Tundu Lissu, whose children were born and live in the USA, understands the pain and humiliation imposed by CCM’s recent legalization of denunciation of dual citizenship.
On day one, as president at Dodoma State House, he will instruct his newly appointed AG to repeal that law called something like “special status” to Tanzanians in the diaspora by reaffirming their inalienable citizenship rights well protected in the constitution.
That law was and still is unconstitutional, notwithstanding what our compromised judiciary says about it.
The election of Tundu Lissu was the most transparent election ever seen in recent memory, and it shows that the electorate is willing to seek meaningful reforms outside CCM.
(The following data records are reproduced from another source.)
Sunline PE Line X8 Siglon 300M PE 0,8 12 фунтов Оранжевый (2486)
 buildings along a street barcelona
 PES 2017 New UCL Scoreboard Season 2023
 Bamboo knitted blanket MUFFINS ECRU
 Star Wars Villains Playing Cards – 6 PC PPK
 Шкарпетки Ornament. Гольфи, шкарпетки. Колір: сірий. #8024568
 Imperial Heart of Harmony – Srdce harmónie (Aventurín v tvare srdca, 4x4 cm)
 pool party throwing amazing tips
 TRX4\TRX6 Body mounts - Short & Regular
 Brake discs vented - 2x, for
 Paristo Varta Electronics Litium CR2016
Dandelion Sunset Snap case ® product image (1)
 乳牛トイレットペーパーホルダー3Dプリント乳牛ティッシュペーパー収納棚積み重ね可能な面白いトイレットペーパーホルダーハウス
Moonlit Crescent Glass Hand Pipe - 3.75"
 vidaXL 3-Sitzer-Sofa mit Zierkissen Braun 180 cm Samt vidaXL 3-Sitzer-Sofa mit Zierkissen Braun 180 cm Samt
An average voter knows this country is endowed with untold riches of natural and human resources.
What Tanzania has lacked since independence is good leadership, and CCM epitomizes poor leadership and economic mismanagement of the highest order.
Nyerere identified four foundations of development: people, land, good policies of socialism & self-reliance, and good leadership.
He went on to say that we have the first three, but we lack good leadership. Indeed, voters will have the task of sacking CCM for a failure to provide good leadership for the last 63 years.
We are now ripe enough to know whether the mango is rotten or not, and we will have the opportunity to express our collective stand on the direction our governance should take come October this year.